Package for describing the dataset for training a perceptron after the signal of a Processor class or one of its children.
"""
import torch
from torch.utils.data import Dataset



[docs]
def get_data(results, batch_size):
    """
    Initialises the perceptron Dataset and loads the dataset into the Pytorch Dataloader.
    The dataloader loads the data into the memory according to the batch size.
    Refer to https://pytorch.org/tutorials/beginner/basics/data_tutorial.html for DataLoaders
    in PyTorch.

    The data can be shuffled. After each epoch the data is shuffled automatically. This is by
    design to accelerate and improve the model training process.Because of this, the learning
    algorithm is stochastic and may achieve different results each time it is run.
    Refer to https://pytorch.org/tutorials/beginner/blitz/cifar10_tutorial.html to see how epochs
    are used when training a Classifier.

    Parameters
    ----------
    results : dict
        These contain the input and target values of the perceptron alogorithm.
        It also contains the normalised input data from which the Pytorch dataloader is created.

        It has the following keys:

        inputs : torch.Tensor
            The inputs to the perceptron algorithm, which are the outputs of the DNPU or DNPU
            architectures that you want to evaluate the accuracy against.
        norm_inputs : torch.Tensor
            Standard normal distribution of the input data. To calculate this, the
            zscore_norm function can be used in brainspy.utils.performance.accuracy
        targets : torch.Tensor
            Binary targets against which the outuut of the perceptron algorithm is compared.

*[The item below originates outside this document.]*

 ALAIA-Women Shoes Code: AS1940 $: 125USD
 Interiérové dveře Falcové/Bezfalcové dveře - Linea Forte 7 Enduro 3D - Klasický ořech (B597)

    batch size- The batch size defines the number of samples that will be propagated
                            through the network.

    Returns
    -------
    torch.utils.data.Dataloader
        Dataloader of the perceptron algorithm
    """

    assert type(results) == dict, "Results field should be of type - dict"
    assert type(batch_size) == int, "Batch size should be of type - int"
    assert batch_size > 0, "batch_size should be a positive integer value"

    assert type(
        results["inputs"]
    ) == torch.Tensor, "Input data should be of type - torch.Tensor"
    assert type(
        results["norm_inputs"]
    ) == torch.Tensor, "Normalized Input data should be of type - torch.Tensor"
    assert type(
        results["targets"]
    ) == torch.Tensor, "Target data should be of type - torch.Tensor"

    dataset = PerceptronDataset(results["norm_inputs"], results["targets"])
    dataloaders = torch.utils.data.DataLoader(
        dataset,
        batch_size=batch_size,
        shuffle=True,
    )
    return dataloaders




[docs]
class PerceptronDataset(Dataset):
    """
    This class is an instace of the Pytorch Dataset. It passes all the information onto the Pytorch
    dataset. The dataset stores the samples and their corresponding labels, and DataLoader wraps an
    iterable around the Dataset to enable easy access to the samples.

    Refer to https://pytorch.org/tutorials/beginner/basics/data_tutorial.html to see how Pytorch
    datasets are created and used.

    """
    def __init__(self, inputs, targets, device=None):
        """
        Initialize the dataset of the Perceptron

        Parameters
        ----------
        inputs : torch.Tensor
            the inputs to the perceptron algorithm, which are the outputs of the DNPU or DNPU
            architectures that you want to evaluate the accuracy against
        targets : torch.Tensor
            binary targets against which the outuut of the perceptron algorithm is compared
        device : torch.Device, optional
            torch device is CUDA or CPU, by default None
        """

        # Normalise inputs
        assert len(
            inputs) > 10, "Not enough data, at least 10 points are required."
        assert not torch.isnan(inputs).any(), "NaN values detected."
        if device is None:
            self.inputs = inputs.to(dtype=torch.get_default_dtype())
            self.targets = targets.to(dtype=torch.get_default_dtype())
        else:
            self.inputs = inputs.to(device=device,
                                    dtype=torch.get_default_dtype())
            self.targets = targets.to(device=device,
                                      dtype=torch.get_default_dtype())

    def __getitem__(self, index):
        """
        Gets the input and target at a given index in this Perceptron dataset

        Parameters
        ----------
        index : int
            position/index of the required input and target

        Returns
        -------
        (int,int)
            tuple of input and target at a given index
        """
        inputs = self.inputs[index, :]
        targets = self.targets[index, :]
        return (inputs, targets)

    def __len__(self):
        """
        Get the length of the input values

        Returns
        -------
        int
            length of the input dataset
        """
        return len(self.inputs)